Looking for the Missing Piece

From Aspirations for Mahamudra, commentary on verse 19

Ken: One day shortly after the three-year retreat ended, I went to Kalu Rinpoche for instruction in dzogchen. I had asked for the instruction because, frankly, I thought I might be missing something. Rinpoche picked up a piece of paper from a pile of pages in front of him and read a pointing-out instruction to me. “Sounds like mahamudra to me,” he said. He then picked up another piece of paper and read another instruction. “Hmmm, that sounds like mahamudra, too.” Another piece of paper elicited, “That sounds like dzogchen, no?” I was familiar with almost all the instructions from my studies during the three-year retreat, and began to say so. Rinpoche ignored me and continued to read, mahamudra, dzogchen, dzogchen, mahamudra, back and forth—for half an hour or more. Eventually he stopped, looked at me, and asked, “Do you understand?”

In his commentary on verse 19 of Aspirations for Mahamudra, Ken shares an anecdote that begins with a very familiar anxiety: “I might be missing something.” Shortly after completing the three-year retreat, he still wonders whether there is some crucial instruction, some hidden distinction, some deeper level that he has not yet received.

I find myself relating to this very strongly. Over the years, again and again I've had the feeling that somewhere there might be instructions that would work like a Rosetta Stone, decoding or illuminating experiences that don’t sit comfortably within descriptions of effects and results of practice, and releasing deep reactive patterns that keep reemerging.
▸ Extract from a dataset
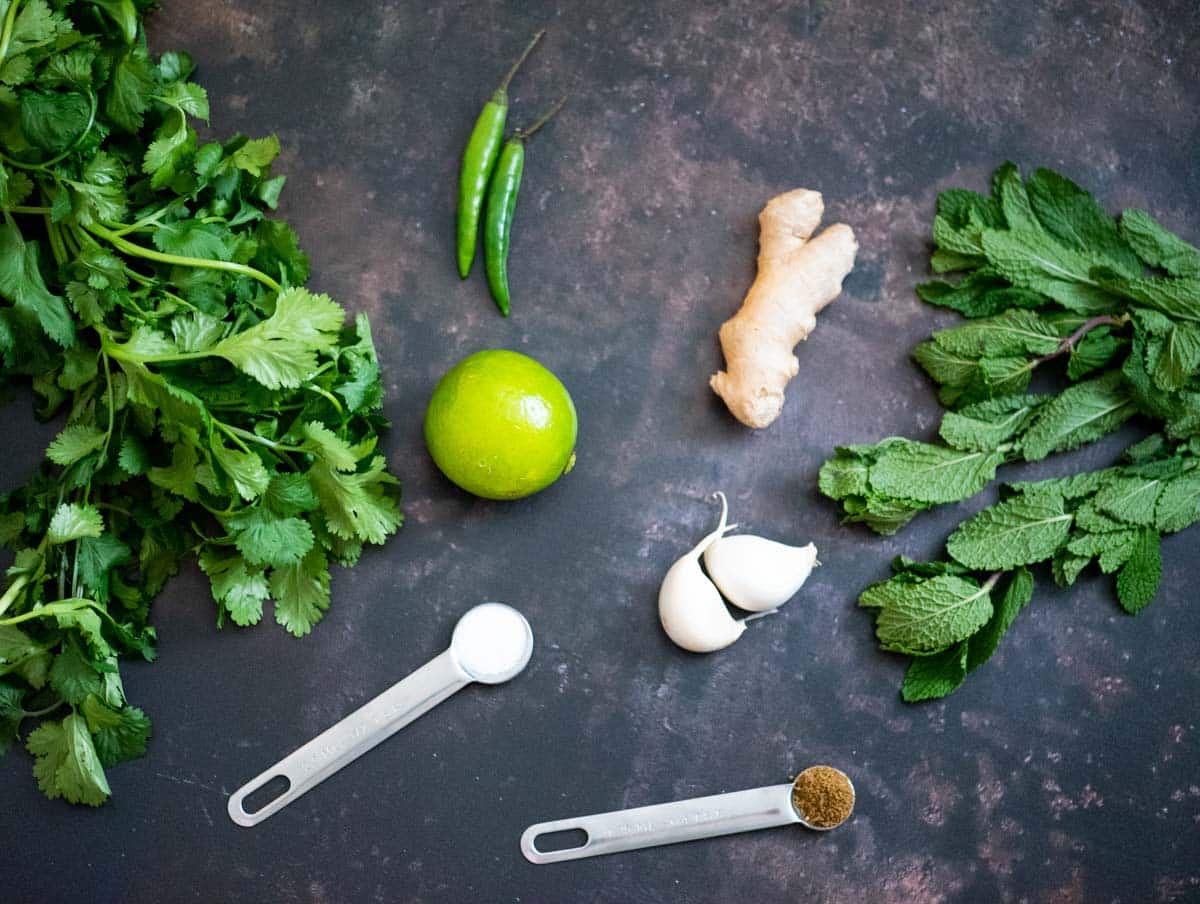 Ingredients required to make green chutney on a brown backdrop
I've explored more than one ultimately fruitless rabbit hole searching for such keys. Then, through pure serendipity, I encountered Ken's anecdote.

Kalu Rinpoche’s response is wonderfully indirect. He doesn’t answer Ken’s question. He doesn’t explain the relationship between mahamudra and dzogchen or offer a philosophical comparison. Instead, he keeps reading instruction after instruction, refusing to let Ken settle into categories. Mahamudra. Dzogchen. Dzogchen. Mahamudra. Back and forth until the distinctions begin to lose their solidity. It feels as though Rinpoche is responding to Ken’s search for certainty by wearing out the mind that wants to classify, compare, conclude, and know the answer.

This anecdote touched a very tender place. Ken wanted to be sure he hadn't missed anything. I recognised that impulse immediately. My version of it has been, “I want to find a teaching or a practice that provides the missing piece.”

Ken comments that he is familiar with the instructions Rinpoche is reading. His frustration is palpable; he can distinguish one set of instructions from another. But Kalu Rinpoche seems to be pointing to something else entirely. When Rinpoche finally asks, “Do you understand?” it feels like an invitation to stop looking elsewhere rather than a test of knowledge. The mind that is searching for the perfect map is the very thing obscuring the territory.

The story ends without telling us how Ken answered. Instead, Rinpoche’s question is left hanging in the air. Do we understand? Not the difference between mahamudra and dzogchen, but the nature of the doubt that keeps asking whether there is something else, somewhere else, that we still need to find or acquire.